In reality, slow fashion is more. In fact, it’s a complete approach to retail that respects the environment, human capital, the longevity of a product and the end consumer, at every level. It’s also beautiful and timeless. As the sumptuous, luxe designs of Small Trades, Alice D. and Rogue Territory attest, it’s about a complete wardrobe that you can be proud of—one that will last long enough to pass down to future generations.

There are other perks as well, according to Hill: “If we could think a little long term, in terms of our finances, and realize less is better in terms of our clothing, it may actually be the smartest thing to do financially as well…with less to wash and less to store.”

The good news is: This won’t entail a massive change, just a few adjustments.

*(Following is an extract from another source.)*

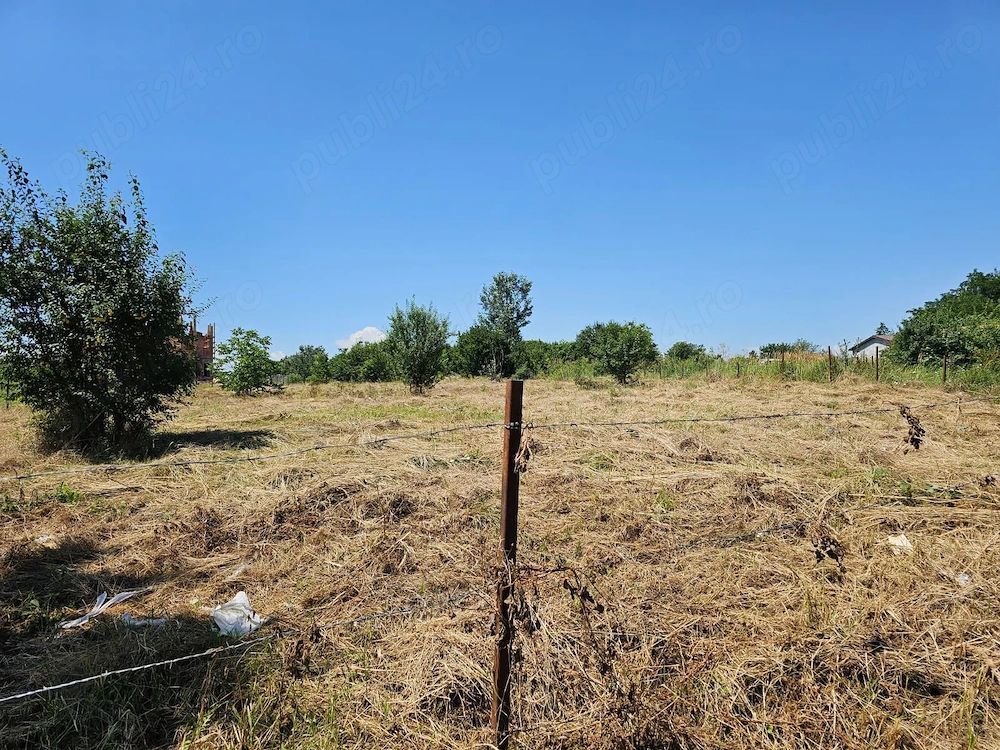 Teren Intravilan 5.000 mp București, Sector 6 (Giulești-Sârbi) - imaginea 2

Suggests Cline: “Buy things you love and are going to wear. Don’t buy things that are going to fall apart,” and “stop shopping so much and value what you already own.”

Marci Zaroff, producer of the documentary on sustainable fashion “Beauty & Beast,” proclaims a slow fashion movement is afoot. “There’s a different level of awareness around being a conscious consumer. And they’re looking around for other product categories that resonate…they’re looking for things that make them look good as well as feel good…across the board there’s a lot more awareness-shifting business paradigms all over the place.”

This is ultimately about more than just the environment, or just human rights, or just style. It’s about living a life that is true and honest to all of our other principles and beliefs. As Zaroff says, “This is a lifestyle choice. Once you start to think about what you’re buying and using and wearing and eating, you don’t go backwards—you want to keep going forward.”